Sarsina, il “Miles” di Plauto all’arena di Calbano

È un testo che diverte anche i suoi interpreti. È “Il miles” lo spaccone millantatore, “il vantone” disegnato da Plauto, che fa ritorno lunedì 9 agosto alle 21.30 nell’arena di Calbano di Sarsina per il Plautus festival. Il titolo in questo caso diventa “Il miles di Plauto” e vanta come interpreti principali gli attori Gianfelice Imparato, Andrea Tidona, Daniela Marazita. Con loro altri sei interpreti impegnati nella riduzione e adattamento di Giuseppe Pasculli, per la regia esperta di Armando Pugliese.

Imparato (1956) di Castellamare di Stabia, quarant’anni di palcoscenico fra teatro, cinema, tivù (da “Un medico in famiglia” a “I bastardi di Pizzofalcone”) è volto di tanto cinema italiano, da “Gomorra” a “Il divo”, “Fortapàsc”, alla “Bellezza del somaro”, fino a “Il caso Pantani”. In teatro, dove ha cominciato, ha avuto maestri importanti, fra tutti Eduardo De Filippo che lo diresse negli anni Ottanta.

A proposito di vena interpretativa, Imparato ha confidato di recente: «Nel fare cinema mi entusiasma la possibilità di sottrarre come attore. Anche nel teatro cerco di arrivare a questo».

“Il miles” è dunque un’occasione per sfoggiare maturità espressiva, rivestirla di comicità ma senza eccedere in ampollosità. C’è un soldato superbo che rapisce una meretrice amata da un giovane, per farne la sua concubina. Un servo astuto avverte il padrone del ratto della ragazza, tutto sembra risolversi e invece no, il gioco di equivoci e capovolgimenti continua nella penna del sarsinate Plauto.
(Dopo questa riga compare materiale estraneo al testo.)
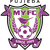Fujieda MYFC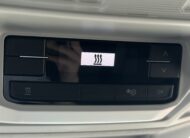Volkswagen Crafter L3H2 Dsg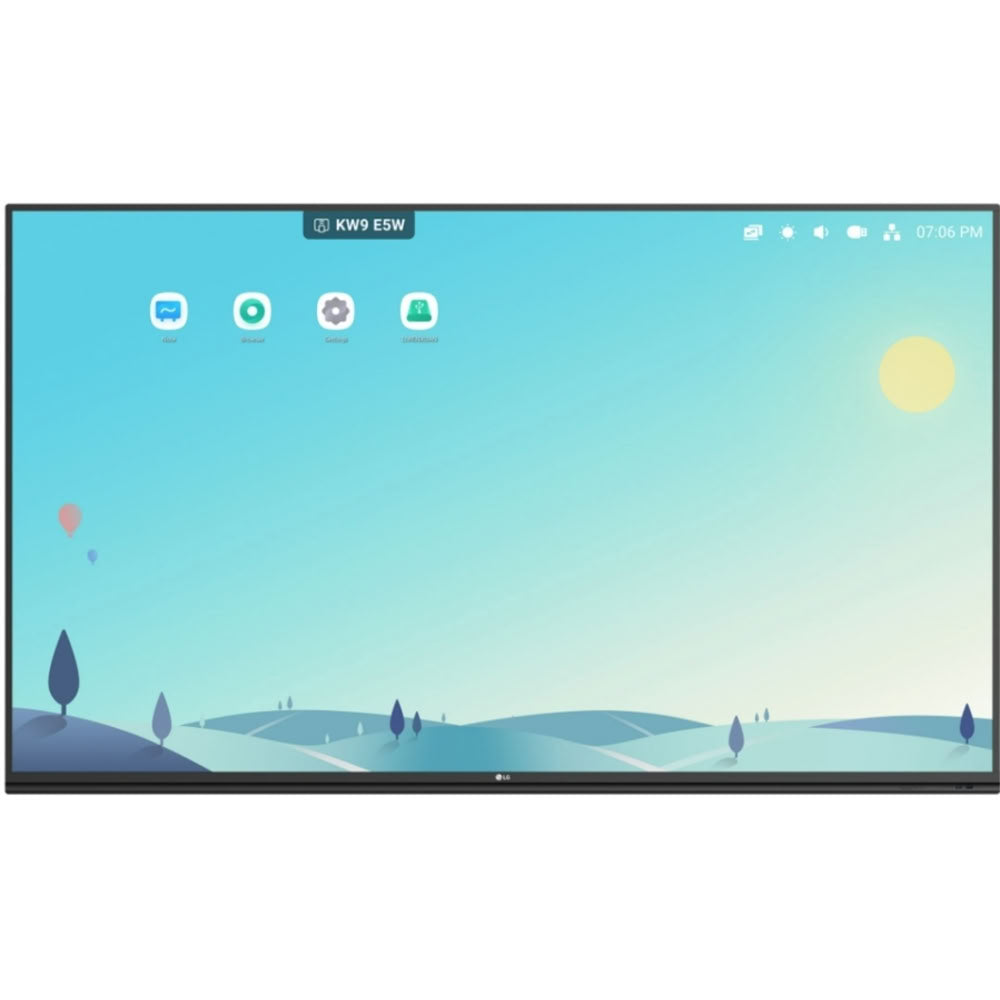 CABVALTECH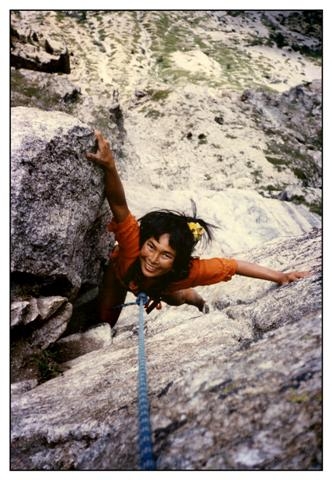alpes 52 (Small).jpg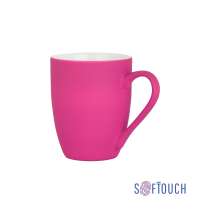 22008-120b0077130aef4ff6c84be9ee2e6fa7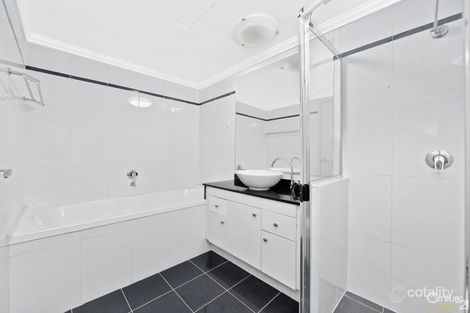 Property photo of 21/7-13 Herbert Street St Leonards NSW 2065
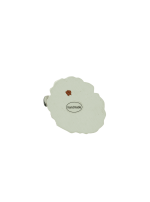 000022_03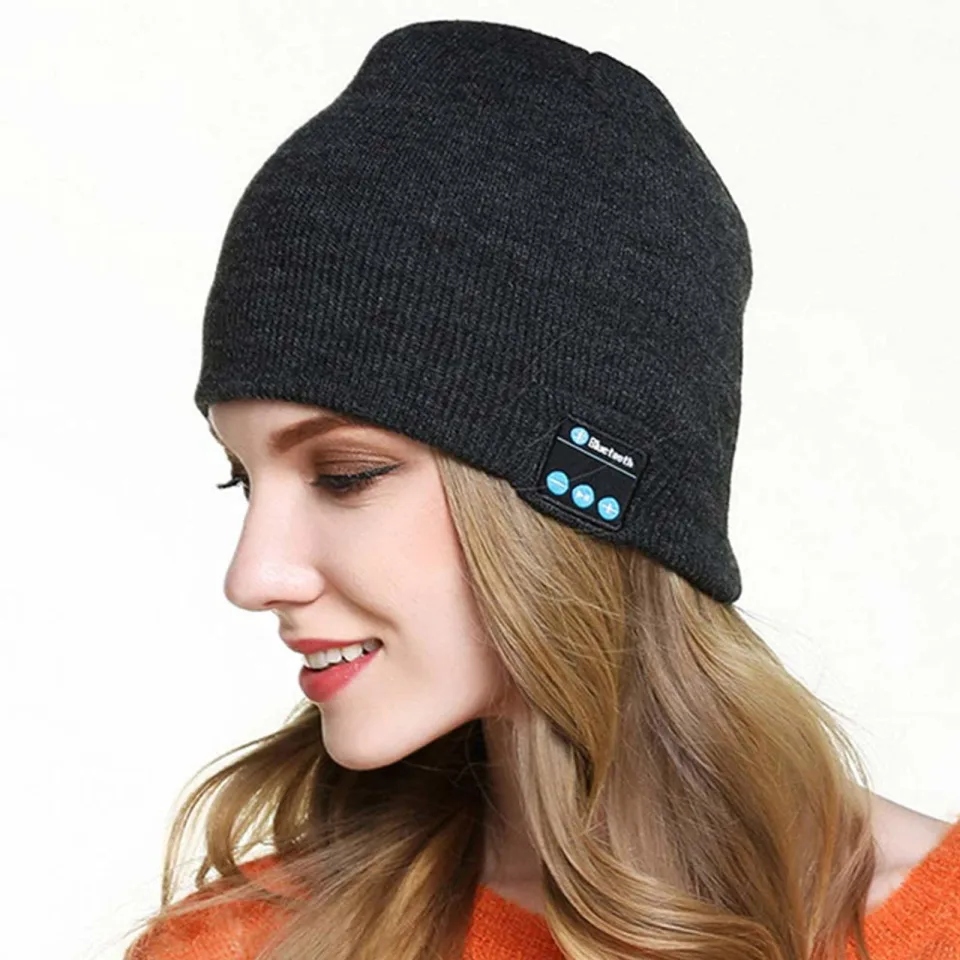 gorro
Il regista Pugliese proietta l’azione in questo tempo, non più sulla piazza di Efeso, ma in un hinterland metropolitano desolato, accanto a una pompa di benzina e a un vecchio camion. Così al posto di servi, padroni e liberti della commedia plautina, si sostituiscono interazioni tra emarginati da “età delle lattine” e delle “buste di plastica”. Di conseguenza anche il linguaggio e il fare dei personaggi si modernizza; ciò che rimane uguale a prima, avvisa Pugliese, è «il meccanismo complessivo del testo plautino, tutto giocato sul carattere che più degli altri sembra sfuggire al cambiamento sostanziale del tempo».